Southern walleye making comeback in Kentucky
On a cool, early October day in 1958, Abe Black was fishing Lake Cumberland. The Corps reservoir was only six years old but was quickly earning a reputation as an excellent fishery for a variety of species, including walleye.
Black, who was visiting from Shaker Heights, Ohio, put his name in the Kentucky record book by landing a 21 pound 8 ounce walleye – a record for the species that has stood for 57 years.
Two years later, in August 1960, a 25-pound walleye was caught from middle Tennessee’s Old Hickory Lake, which had been impounded in 1957 and, like Lake Cumberland, is also on the Cumberland River system. That fish remains the all tackle world record for the species.
Then, nearly 44 years later, in early March of 2004, Dave Dreves, then a researcher and fisheries biologist for the Department of Fish and Wildlife Resources, was leading a fish sampling survey on the Rockcastle River, a tributary to the Cumberland River above Lake Cumberland.
They netted an egg-laden, 15-pound female walleye.
Dreves, now an assistant director of fisheries for the state game agency, is certain the three fish shared a common ancestry. They were a strain of walleye native to Kentucky and much of the southeastern United States.
Today, nearly all walleye in Kentucky waters are stocked fish from northern, or Erie, strain walleye. But that was not always the case. Dreves said historically that walleye – generally considered a northern species and the most-sought sportfish throughout much of the upper Midwest – were found across Kentucky, Tennessee and into Mississippi and Alabama, including the Mobile River system.

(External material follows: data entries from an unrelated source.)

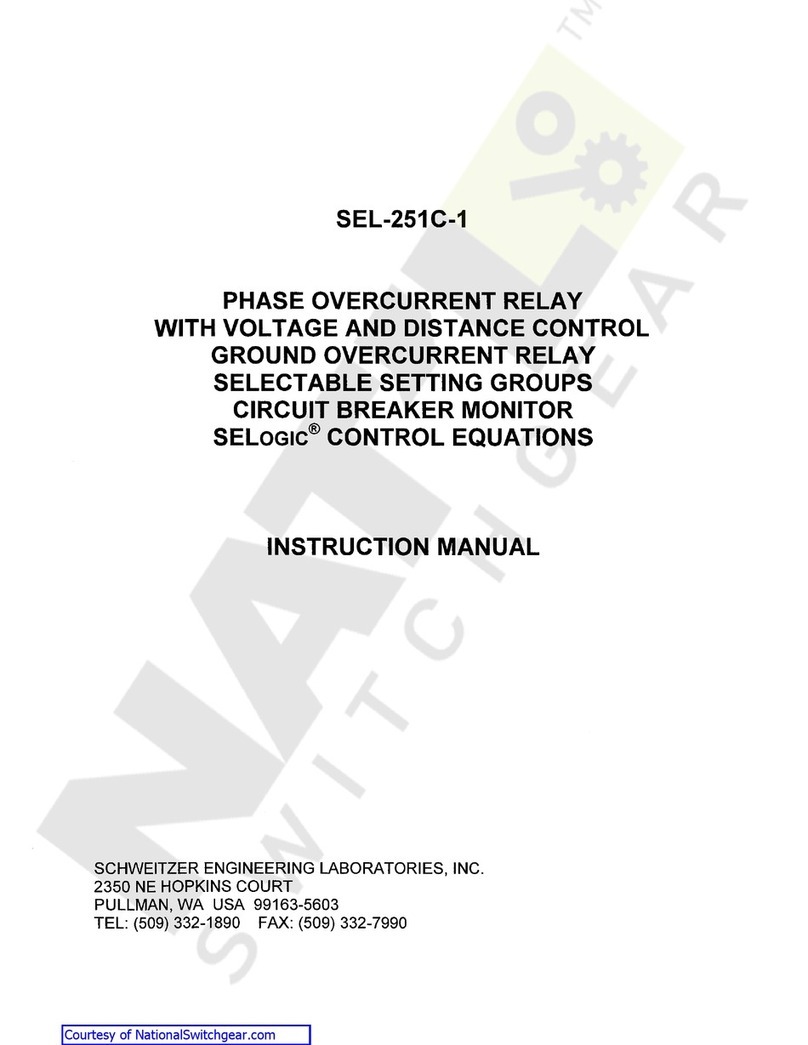 Schweitzer Engineering Laboratories SEL-251C-1 User manual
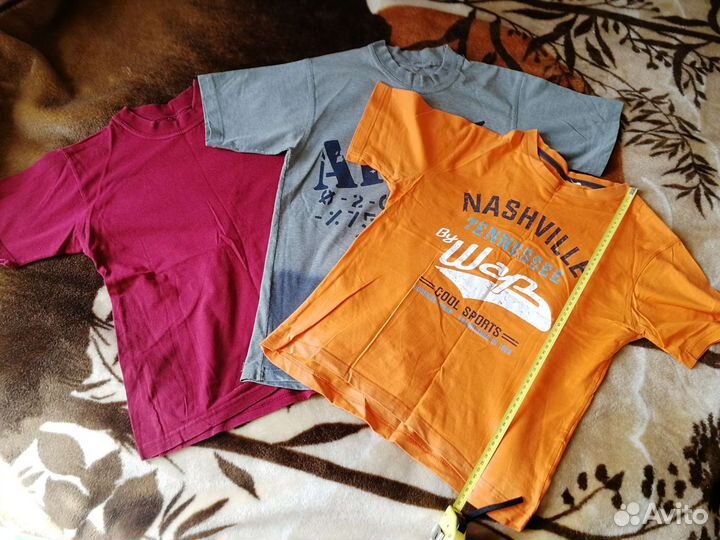 Футболки 3шт. на мальчика 10-11 лет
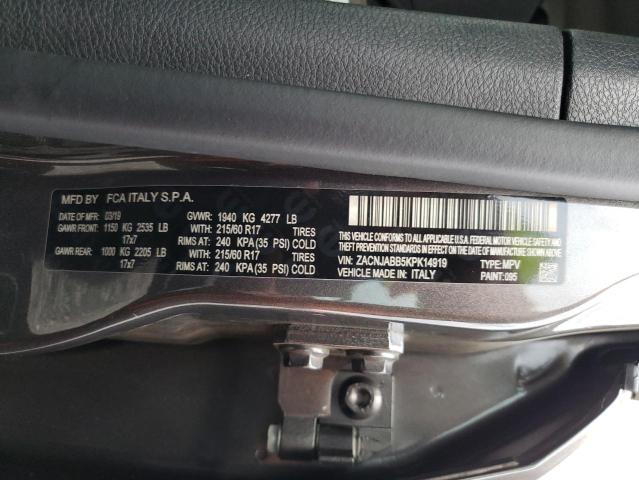 ZACNJABB5KPK14919 Jeep Renegade Latitude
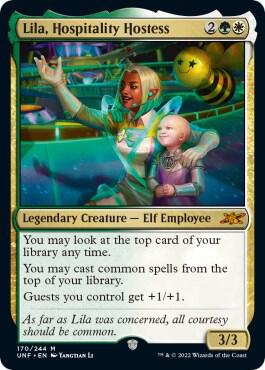 Lila, Hospitality Hostess 170 card from Unfinity
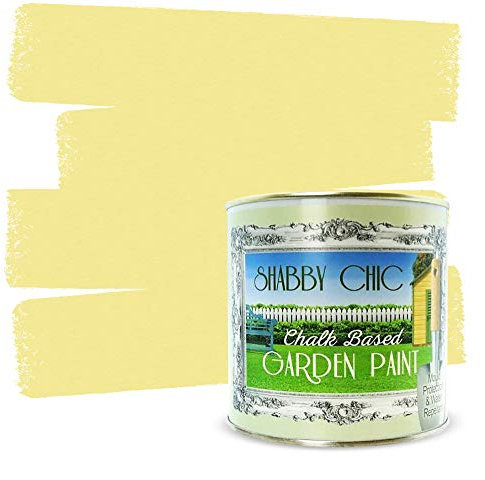 Shabby Chic Chalk Based Garden Paint 1 Litre (Petal Yellow)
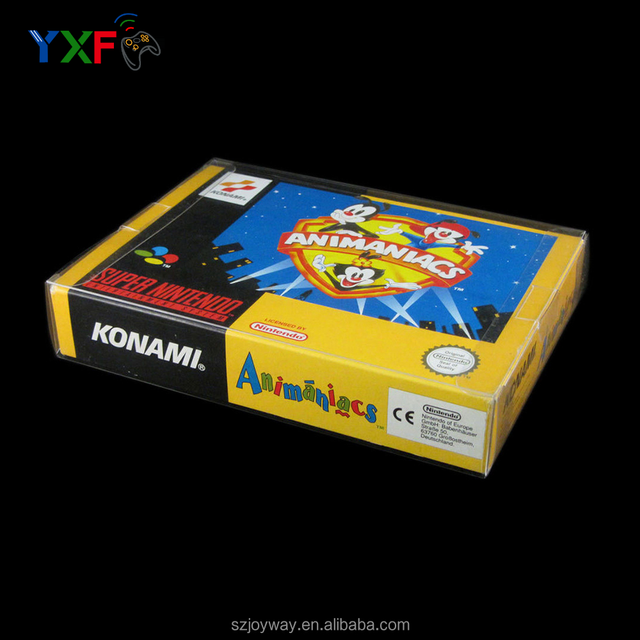 For Nintendo N64/SNES Game Box clear Protect case
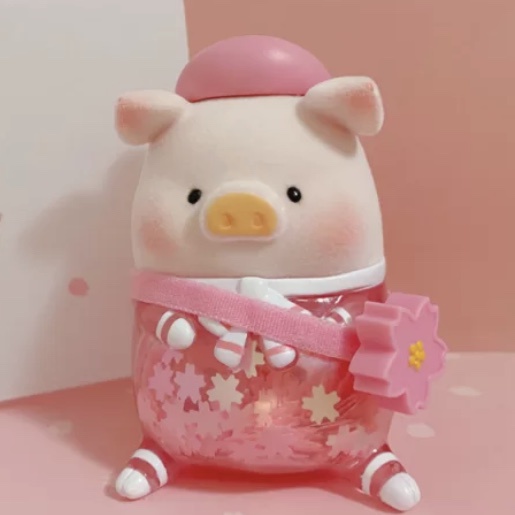 ★Hgtoys★ Bộ 52 Búp Bê Đồ Chơi Hình Hoa Anh Đào Heo LULU Pig Series Hoa Anh Đào Thời Trang Thích Hợp Làm Quà Tặng
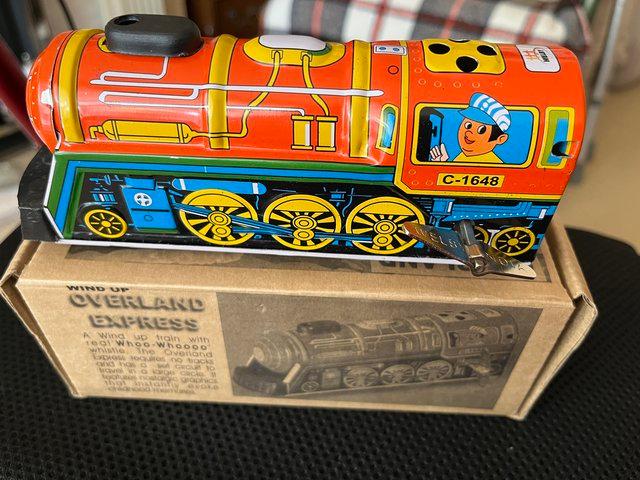 Preview of the first image of Tin Train (collectible) Welby Overland Express.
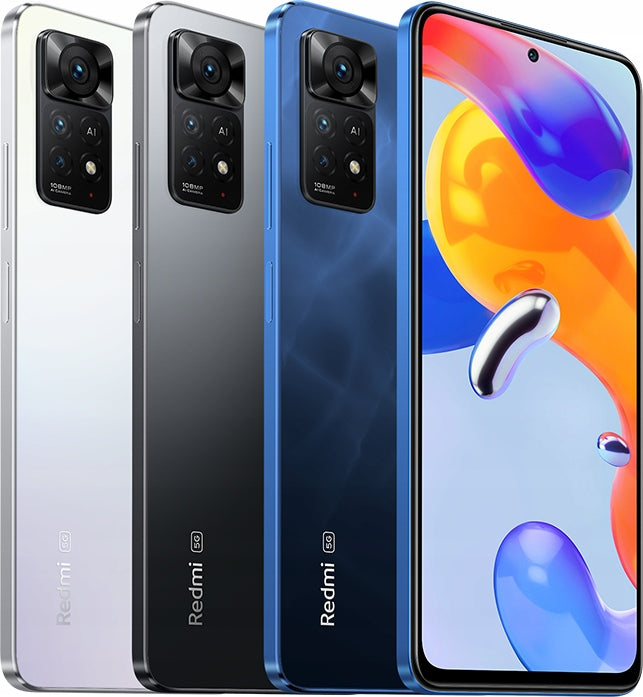 ## XIAOMI REDMI NOTE 11 PRO 5G 6/128GB BLUE UNIQUE ## Charger included no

“Long before any of the reservoirs were impounded walleye existed throughout the South,” Dreves said. “Several years ago we identified a native strain of walleye that still existed in the Rockcastle River.”
The southern strain walleye was once common throughout the Cumberland River and Tennessee River systems and beyond. When the Cumberland, Tennessee and other southern rivers were impounded, the native walleye began to vanish. But they didn’t completely disappear. And with help from guys like Dreves, they’re making a comeback.
Several Kentucky waters harbor walleye, of course, including Lake Cumberland, arguably still the state’s best walleye producer. These are northern, or Erie, strain fish, which are stocked regularly in the many of the state’s Corps impoundments. There is no outward difference between the Erie strain and the native strain fish – you can’t tell a native strain walleye from a northern walleye by looking. But there is a difference. And the native strain is slowly being restored to some Kentucky waters.
“What’s cool about native walleye is that these fish grow bigger than the northern stain,” Dreves said. “The (Old Hickory) world record and the Kentucky state record were almost certainly southern strain fish.”
A few of surviving native strain walleye were discovered in the Rockcastle River a quarter century ago. It was about 10 years later when Dreves encountered the 15-pound brute in the lower Rockcastle. That fish was genetically tested and shown to be a native strain walleye.
“In 1995 was when we first determined that (walleye) from the Rockcastle were different from the northern strain walleye that had been stocked in the Cumberland system,” he said.
Some of those fish were eventually collected and transported to the Minor Clark Fish Hatchery as brood stock to provide seed for restocking. They initially went back into the Rockcastle River. Then in 2007 stocking of native strain walleye was expanded to the Barren River above the Barren River Lake. Three years later the native strain was returned to the Levisa Fork above Fishtrap Lake.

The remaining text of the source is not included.